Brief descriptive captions

--------------------------------------------------

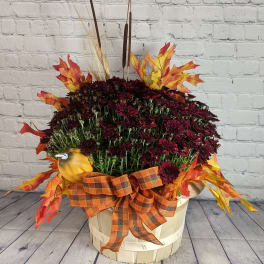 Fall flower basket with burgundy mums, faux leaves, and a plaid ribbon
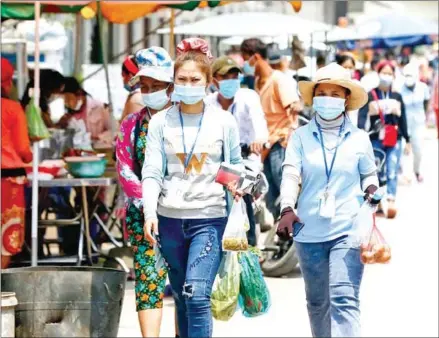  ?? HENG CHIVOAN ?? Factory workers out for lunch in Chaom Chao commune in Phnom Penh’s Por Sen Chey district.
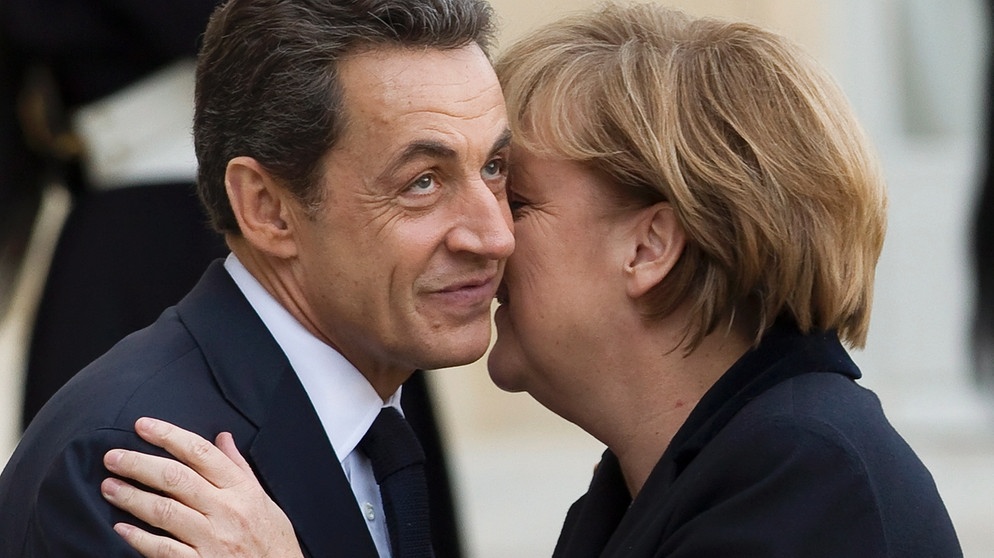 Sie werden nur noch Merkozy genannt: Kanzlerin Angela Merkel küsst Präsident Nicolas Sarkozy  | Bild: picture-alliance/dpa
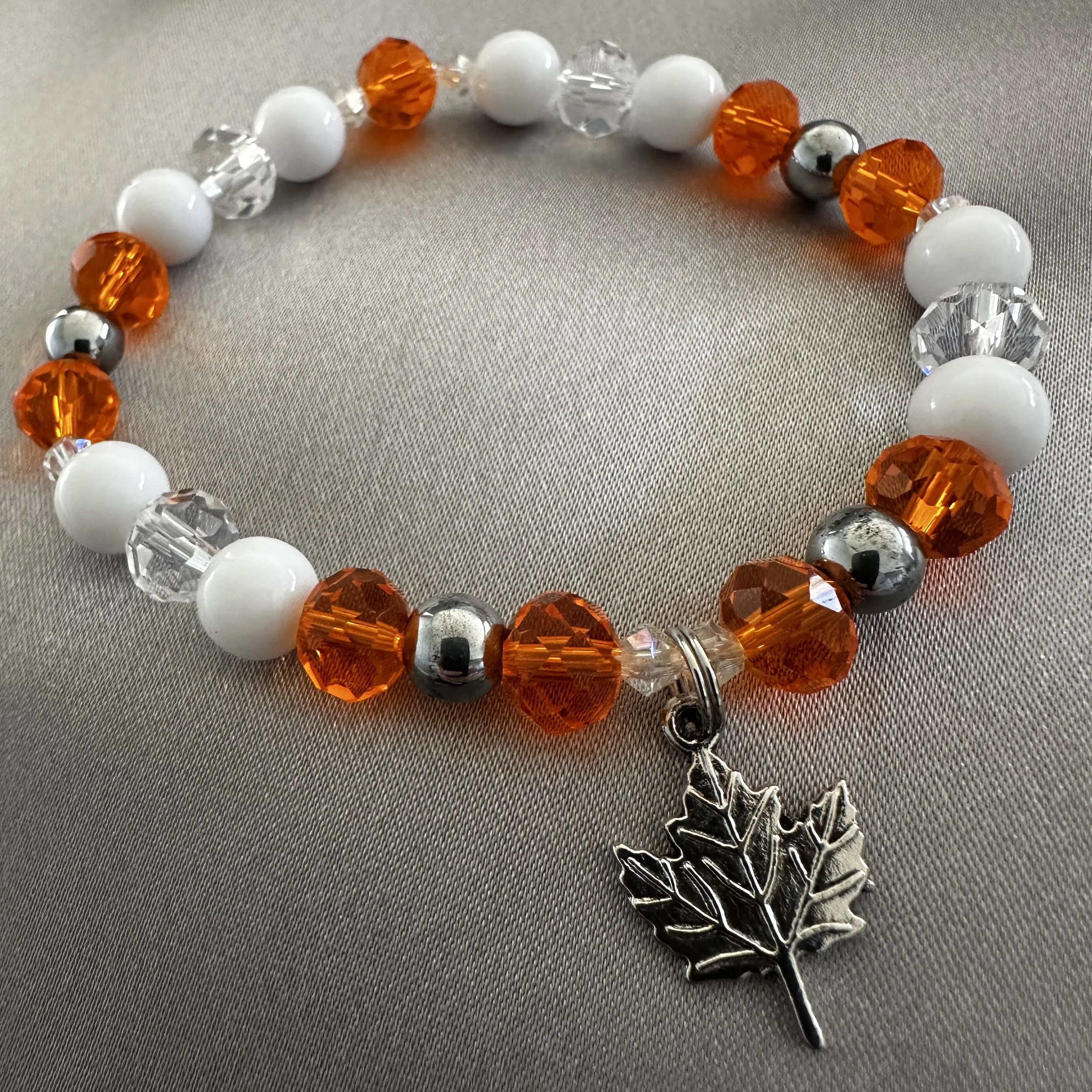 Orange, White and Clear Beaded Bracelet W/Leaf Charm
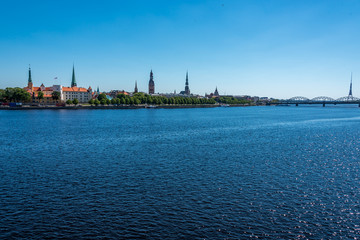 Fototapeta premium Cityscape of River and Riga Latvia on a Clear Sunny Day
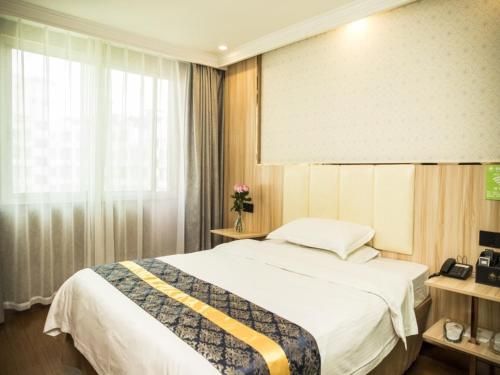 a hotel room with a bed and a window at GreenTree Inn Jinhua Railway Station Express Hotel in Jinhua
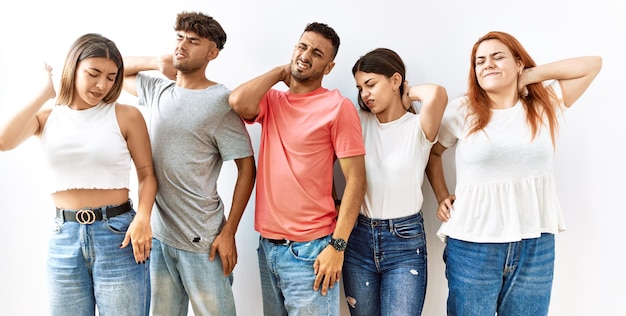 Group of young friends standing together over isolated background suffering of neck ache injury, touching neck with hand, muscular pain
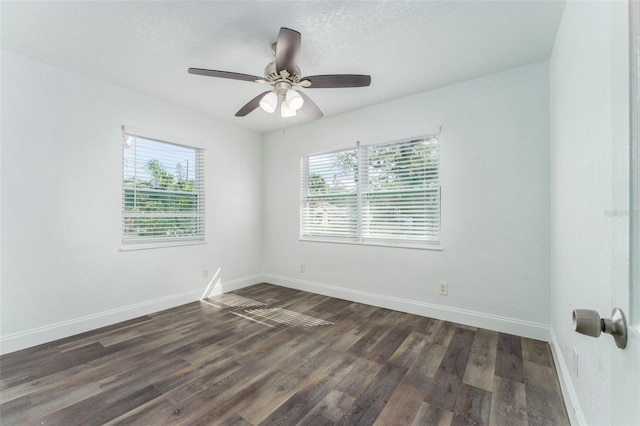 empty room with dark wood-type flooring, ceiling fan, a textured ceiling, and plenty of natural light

--------------------------------------------------

:: WHAT IS BEING ASKED ::
Set down every line of the entries above again, exactly as written, but not the pictures.

:: REPLY TO THE TASK ::
 Fall flower basket with burgundy mums, faux leaves, and a plaid ribbon
  ?? HENG CHIVOAN ?? Factory workers out for lunch in Chaom Chao commune in Phnom Penh’s Por Sen Chey district.
 Sie werden nur noch Merkozy genannt: Kanzlerin Angela Merkel küsst Präsident Nicolas Sarkozy  | Bild: picture-alliance/dpa
 Orange, White and Clear Beaded Bracelet W/Leaf Charm
 Fototapeta premium Cityscape of River and Riga Latvia on a Clear Sunny Day
 a hotel room with a bed and a window at GreenTree Inn Jinhua Railway Station Express Hotel in Jinhua
 Group of young friends standing together over isolated background suffering of neck ache injury, touching neck with hand, muscular pain
 empty room with dark wood-type flooring, ceiling fan, a textured ceiling, and plenty of natural light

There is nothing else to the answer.